I'll post my code, but please be nice :( I know it certainly isn't the most efficient, but I'm just trying to lay things out in a way that is easy for my brain to understand right now.
And yes, I HAVE to use char arrays. I guess it's to help us understand the ascii table.
#include <iostream>
using namespace std;
void InitNumber(char[]);
int AddArrays(char first[], char second[], char combined[]);
void OutputNumber (char[]);
const int LENGTH = 20; // global variable
int main()
{
char set1[LENGTH];
char set2[LENGTH];
char sum[LENGTH];
InitNumber (set1);
InitNumber (set2);
if(AddArrays (set1, set2, sum)) {
cout << "overflow!" << endl;
}
OutputNumber(sum);
}
void InitNumber (char list[])
{
int numberOfDigits;
cout << "Please enter the number of digits in the number: ";
cin >> numberOfDigits;
cout << "Please enter the digits in the number with the LEAST significant first: ";
for (int i = 0; i < numberOfDigits; i++) {
cin >> list [i];
}
for (int l=(numberOfDigits); l < LENGTH; l++) {
list [l] = '0';
}
}
int AddArrays(char first[], char second[], char combined[])
{
for (int h = 0; h < LENGTH; h++)
combined[h]= '0';
int overflow = 0;
for (int i = 0; i < LENGTH; i++) {
int currentSum = (first[i]-'0' + second[i]-'0');
cout << "currentSum = " << currentSum << endl;
if(currentSum / 10 == 0 )
combined[i] += currentSum;
else if (currentSum/10 !=0) {
if (i == LENGTH-1 && currentSum/10 !=0){
overflow = 1;
}
else{
combined [i] += currentSum%10;
cout << "current i: " << combined[i] << endl;
combined [i+1] += currentSum/10;
cout << "current i+1: " << combined[i+1] << endl;
}
}
}
return overflow;
}
void OutputNumber(char arrayOut[])
{
for (int l=LENGTH - 1; l >= 0; l--)
cout << arrayOut[l];
}
working input
input
6
1 2 3 4 5 6
7
1 2 3 4 5 6 7
output
00000000000008308642
Not-working output
input
20
9 9 9 9 9 9 9 9 9 9 9 9 9 9 9 9 9 9 9 9
1
1
output
999999999999999999:0
I'm going to reproduce small parts of your inner loop where you are carrying out the addition, in order to explain why your overflow detection is broken.

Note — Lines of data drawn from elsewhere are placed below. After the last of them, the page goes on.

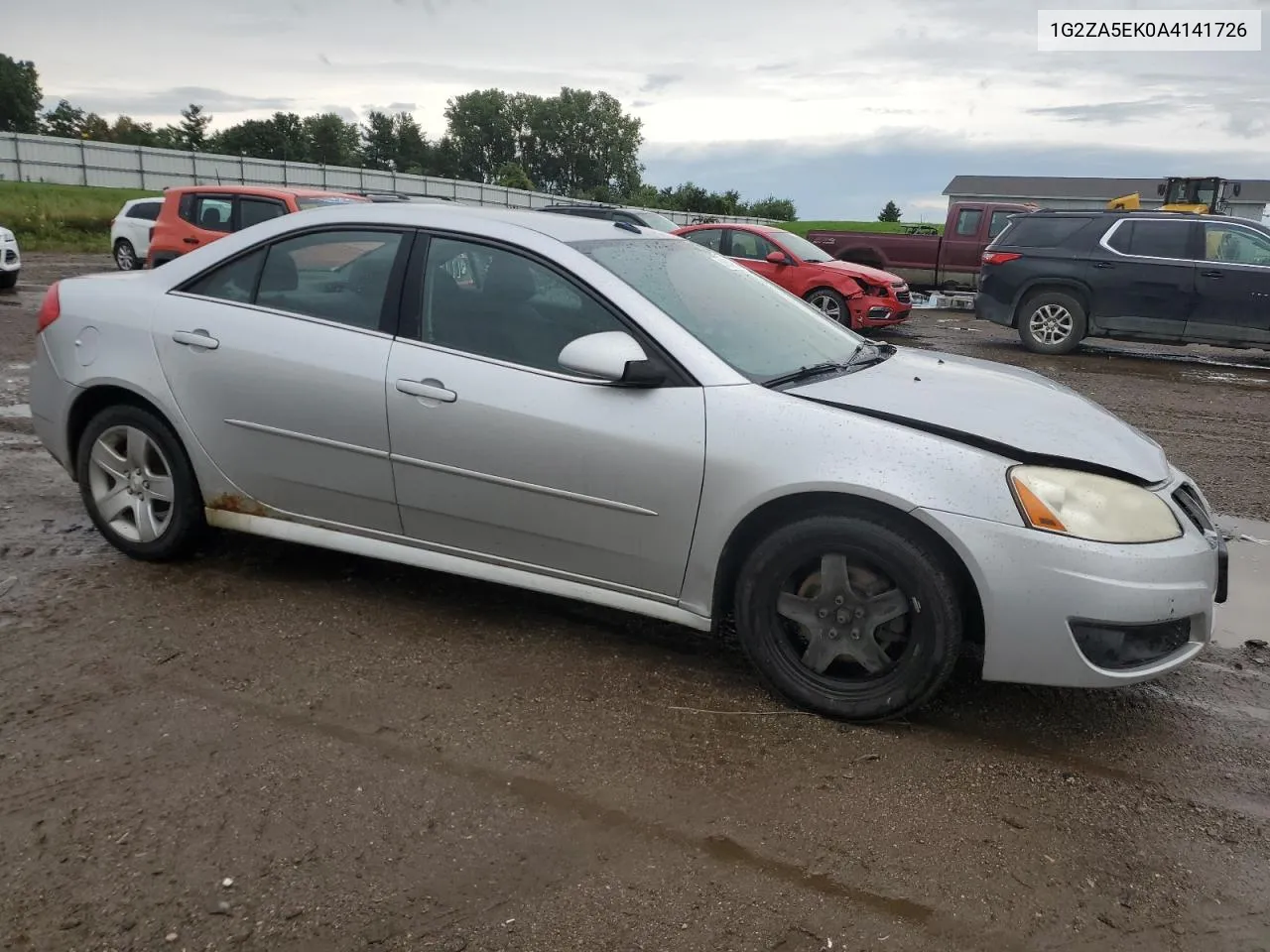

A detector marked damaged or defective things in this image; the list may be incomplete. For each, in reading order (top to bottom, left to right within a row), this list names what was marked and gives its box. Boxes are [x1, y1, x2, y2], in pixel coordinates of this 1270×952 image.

red damaged sedan [681, 222, 909, 329] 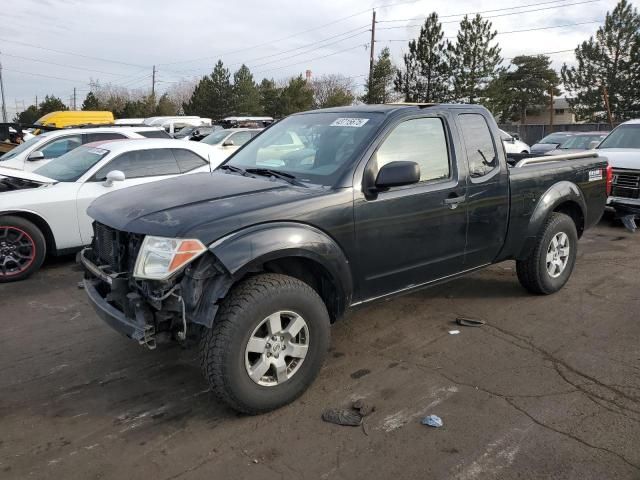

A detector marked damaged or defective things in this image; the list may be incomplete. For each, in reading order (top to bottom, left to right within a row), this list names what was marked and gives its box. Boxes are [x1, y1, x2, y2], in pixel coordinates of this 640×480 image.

exposed headlight [134, 235, 206, 280]
cracked asphalt [0, 218, 636, 480] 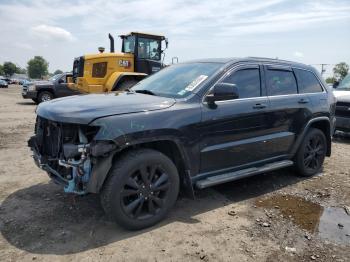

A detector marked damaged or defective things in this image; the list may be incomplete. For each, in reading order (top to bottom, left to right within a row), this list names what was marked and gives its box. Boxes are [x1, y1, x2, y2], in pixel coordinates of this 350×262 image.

crumpled hood [36, 92, 175, 125]
damaged front end [27, 116, 117, 194]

for (int i = 0; i < LENGTH; i++) {
int currentSum = (first[i]-'0' + second[i]-'0');
if(currentSum / 10 == 0 )
combined[i] += currentSum;
Here you're adding the corresponding pair of digits from the two numbers you're adding, and checking (in your particular style) if they overflowed. Try to remember this part, it's important. In order to check for overflow, you're only checking the result of adding the pair of digits from the two large numbers you're adding.

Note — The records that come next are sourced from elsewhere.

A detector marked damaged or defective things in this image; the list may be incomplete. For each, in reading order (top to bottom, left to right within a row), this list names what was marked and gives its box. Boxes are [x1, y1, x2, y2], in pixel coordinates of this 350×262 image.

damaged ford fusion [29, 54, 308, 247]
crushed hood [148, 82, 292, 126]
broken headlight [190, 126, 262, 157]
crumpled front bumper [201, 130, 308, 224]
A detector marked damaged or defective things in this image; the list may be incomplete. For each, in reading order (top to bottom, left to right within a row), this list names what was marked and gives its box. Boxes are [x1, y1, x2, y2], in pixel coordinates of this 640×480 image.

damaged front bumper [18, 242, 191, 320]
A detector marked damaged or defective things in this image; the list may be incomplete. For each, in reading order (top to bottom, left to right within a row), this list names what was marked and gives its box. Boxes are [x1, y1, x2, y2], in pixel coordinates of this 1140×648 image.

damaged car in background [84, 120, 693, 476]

else if (currentSum/10 !=0) {
This is a completely useless check. You can only get here if the division is known to produce a non-zero result. This if() can be removed completely. Now, the relevant part of your code is
combined [i] += currentSum%10;
combined [i+1] += currentSum/10;
Do you see the problem yet?
Your approach is, once overflow is detected, is to increment the next higher order digit in the result.
Unfortunately, on the next loop iteration, in order to check for carry over, you're just checking the sum of the next corresponding digit pair, from the two large numbers you're adding. The carry-over you're saving here is going to get completely ignored.
Say your numbers are two digits long max, rather than 20, and you entered the numbers 99 and 1.
On the first iteration, you'll add 9 and 1, save 0 as the first digit, and add 1 to the second digit in the sum.
On the second iteration, you'll add 9 and 0, and, given your logic above, conclude that nothing overflowed.